[Opening Data provided section]
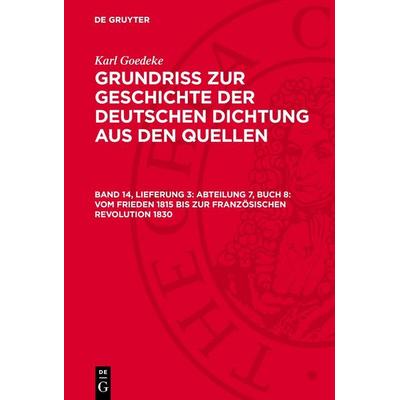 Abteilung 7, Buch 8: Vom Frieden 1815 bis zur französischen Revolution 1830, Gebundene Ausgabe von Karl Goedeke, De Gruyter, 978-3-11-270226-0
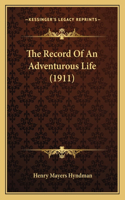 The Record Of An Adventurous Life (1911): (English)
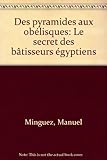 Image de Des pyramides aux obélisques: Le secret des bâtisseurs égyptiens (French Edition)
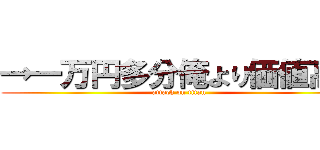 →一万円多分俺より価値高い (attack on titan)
[Closing Data provided section]
[Opening Data provided section]
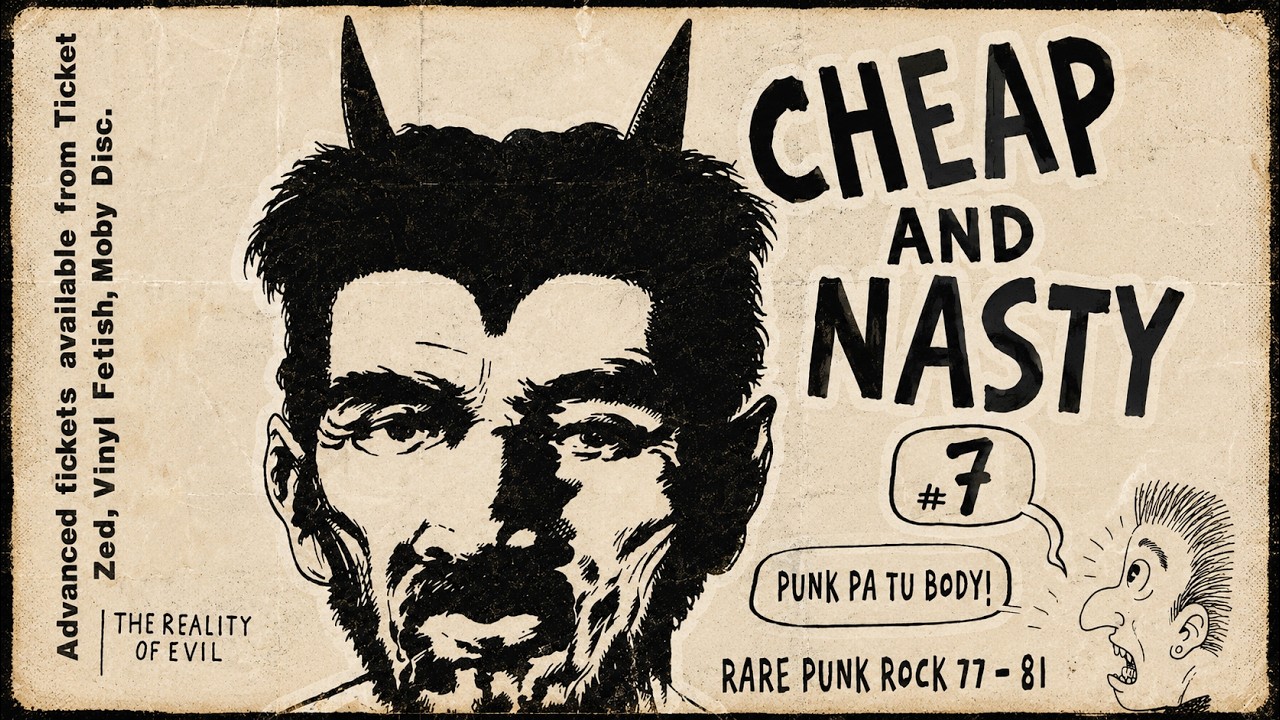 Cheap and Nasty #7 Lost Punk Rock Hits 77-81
[Closing Data provided section]
[Opening Data provided section]
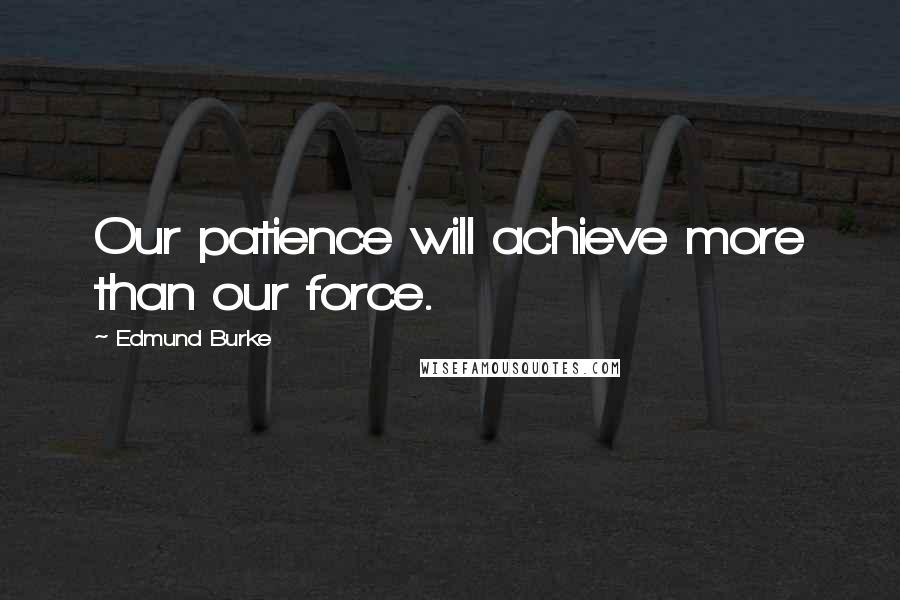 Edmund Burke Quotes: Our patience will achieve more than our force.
[Closing Data provided section]
» Problem:
From the data above, return only the lines starting at the line that holds "Image de Des" and ending at the line that holds "(attack on titan)", word for word and without pictures.

» Written response:
 Image de Des pyramides aux obélisques: Le secret des bâtisseurs égyptiens (French Edition)
 →一万円多分俺より価値高い (attack on titan)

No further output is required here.